- [Exercise description] Every line from the first one in the data below through the line holding "Bundventil til håndvask" is to be written out exactly, with the pictures omitted.

....

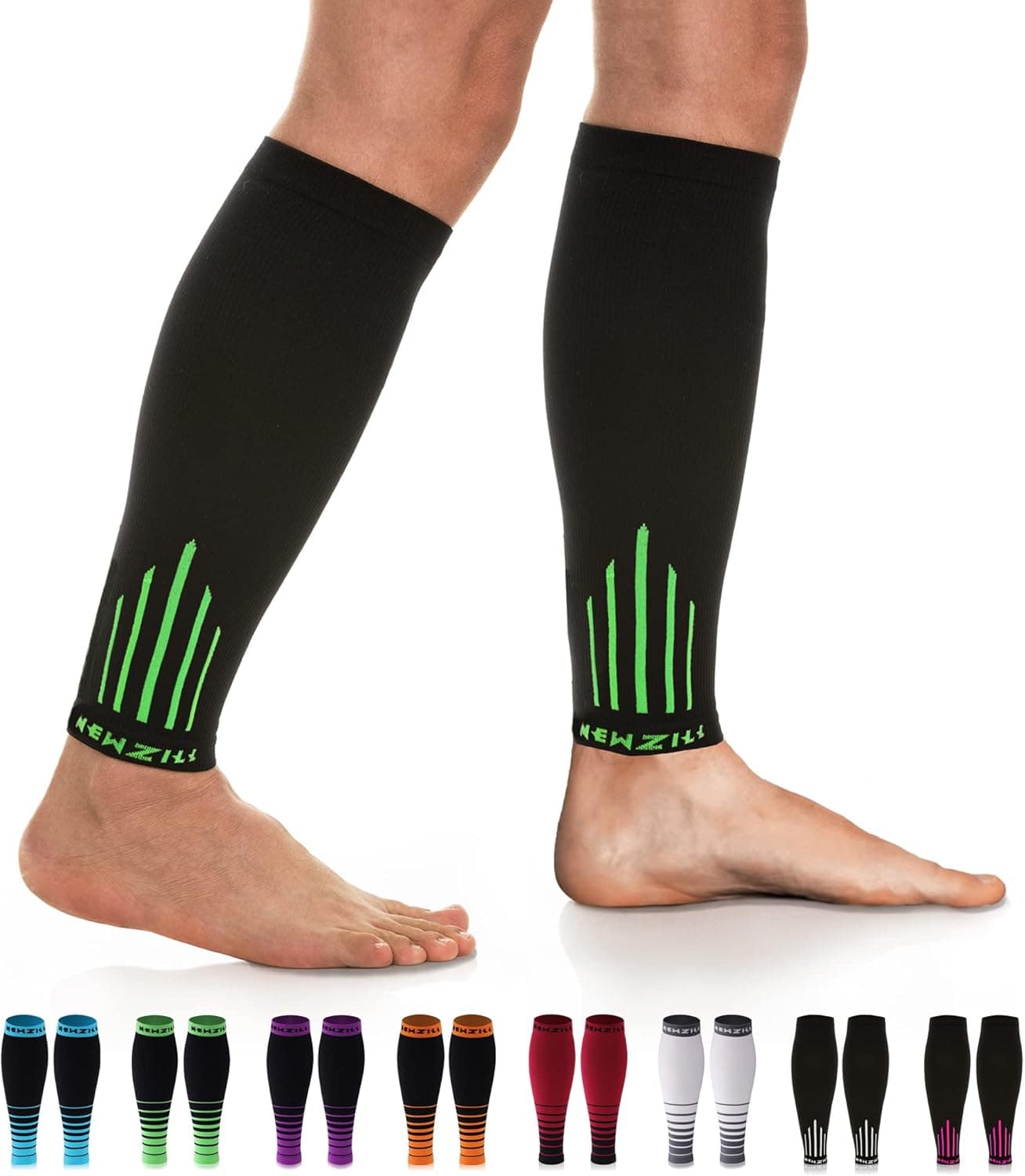 NEWZILL Compression Calf Sleeves (20-30mmHg) for Men & Women - Perfect Option to Our Compression Socks - For Running, Shin Splint, Medical, Travel, Nursing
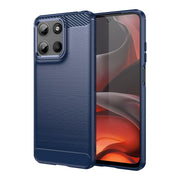 For Motorola Moto G15 Carbon Fiber Brushed Texture TPU Phone Case(Blue)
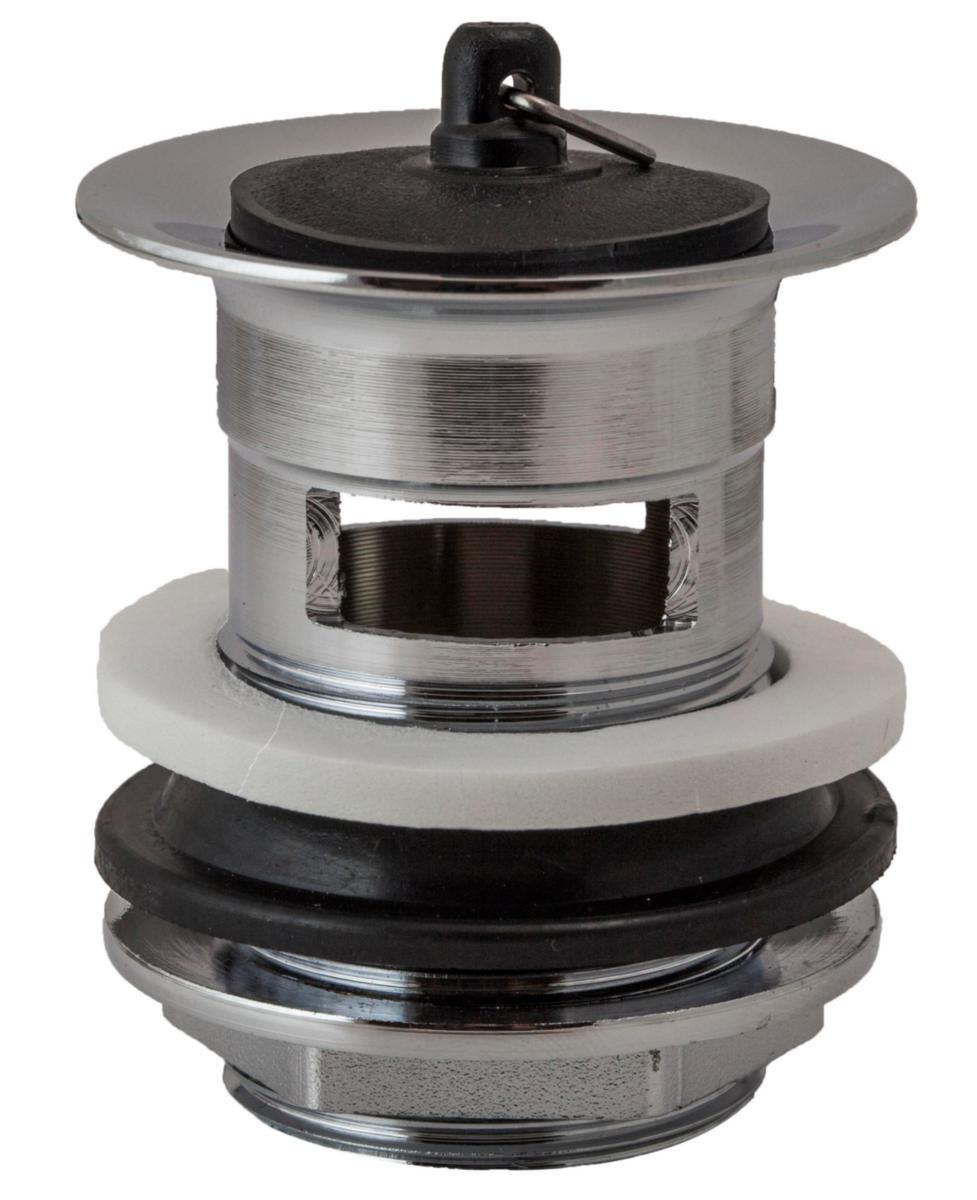 Bundventil til håndvask - Bundventil 1 1/4" 70mm krom Med gummiprop. Overløb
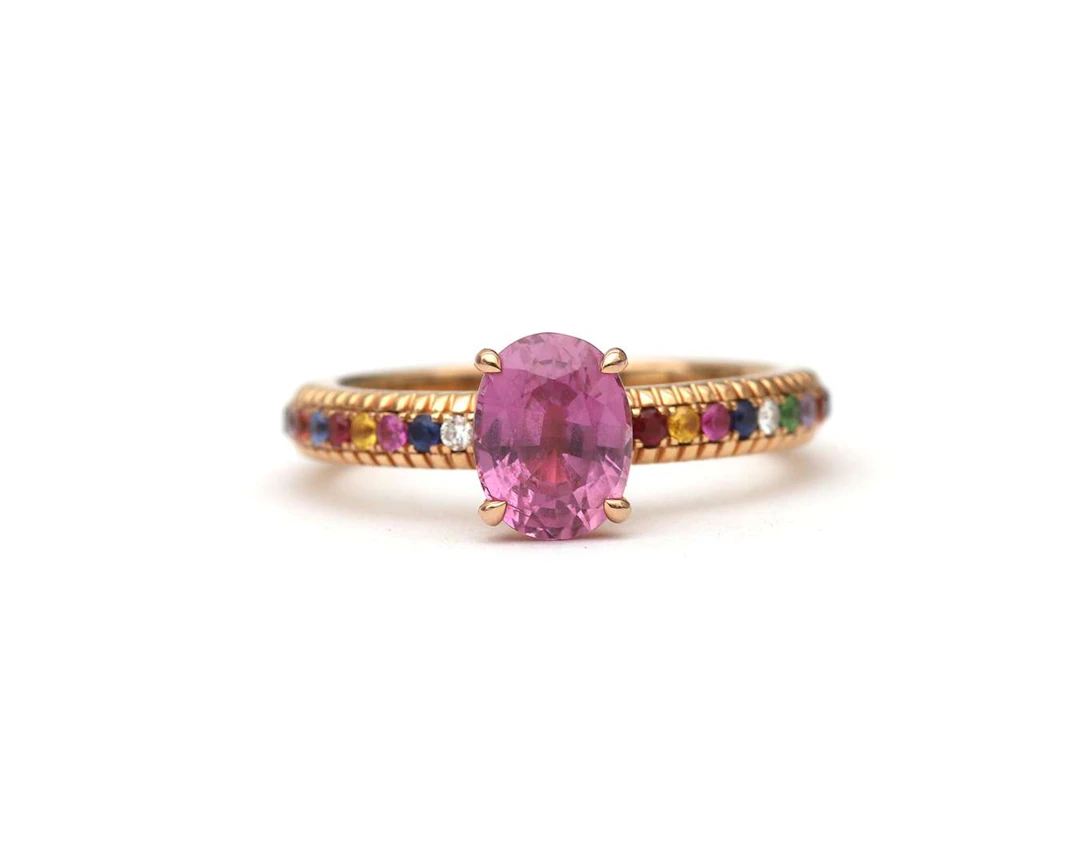 An 18k rose gold Fabergé ‘Colours of Love’ ring with a pink sapphire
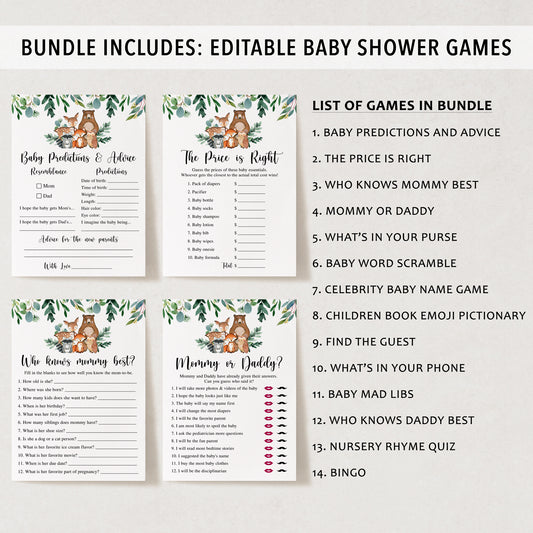 Complete Woodland Animals Baby Shower Bundle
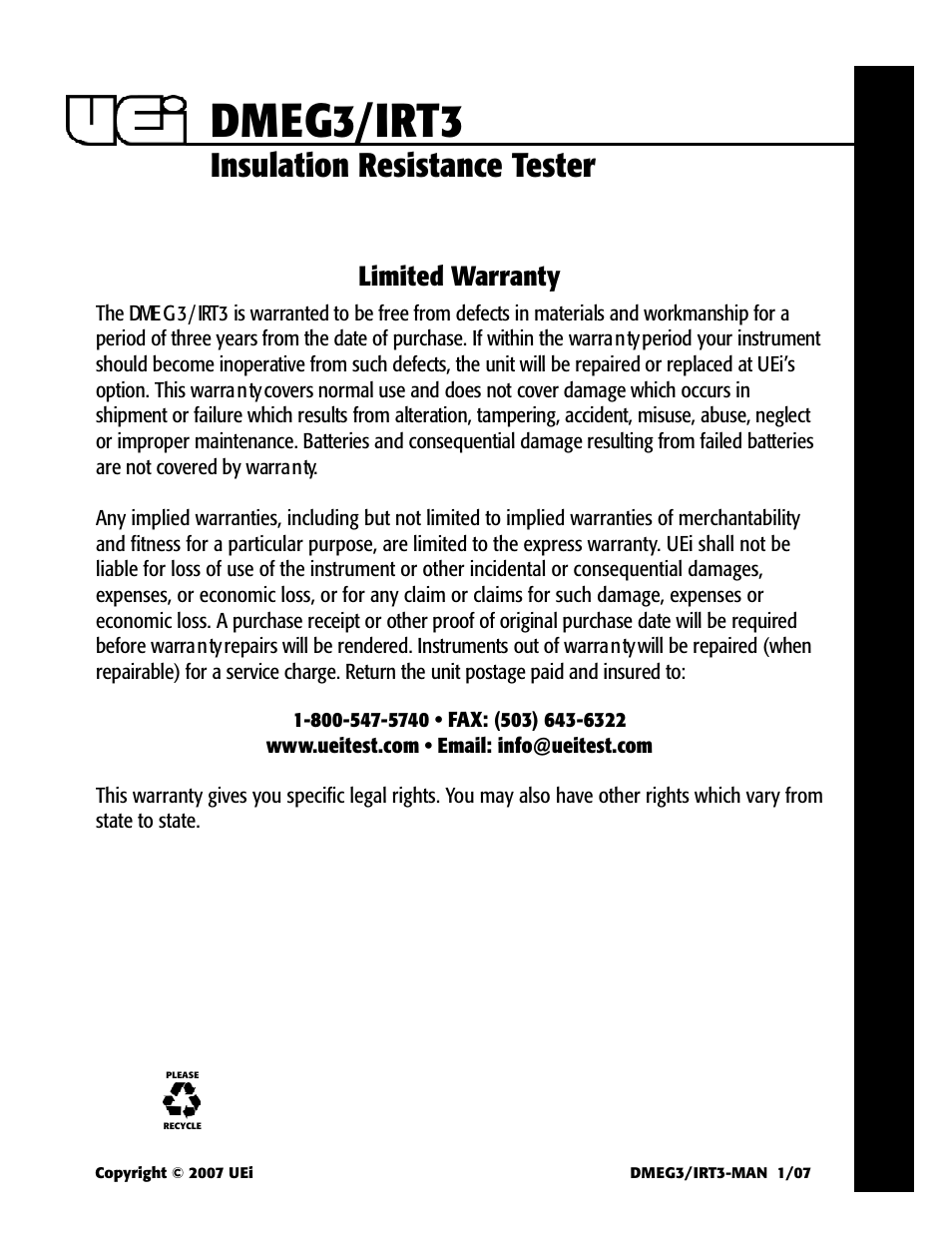 Dmeg3/irt3, Insulation resistance tester, Limited warranty | UEi Test Instruments DMEG3 User Manual | Page 12 / 12
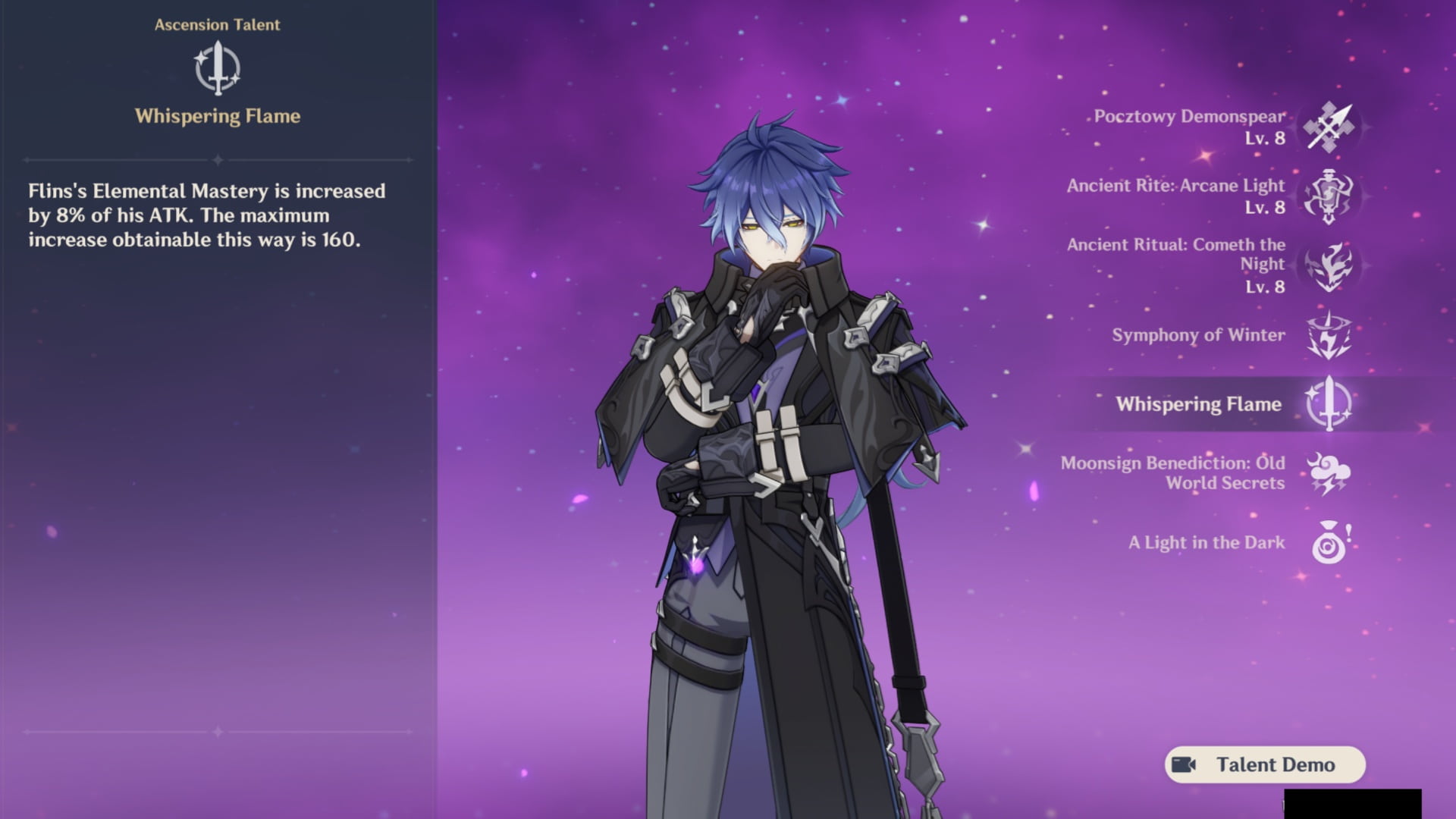 Flins with blue hair in a dark outfit stands against a purple starry background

....

- [Result]
 NEWZILL Compression Calf Sleeves (20-30mmHg) for Men & Women - Perfect Option to Our Compression Socks - For Running, Shin Splint, Medical, Travel, Nursing
 For Motorola Moto G15 Carbon Fiber Brushed Texture TPU Phone Case(Blue)
 Bundventil til håndvask - Bundventil 1 1/4" 70mm krom Med gummiprop. Overløb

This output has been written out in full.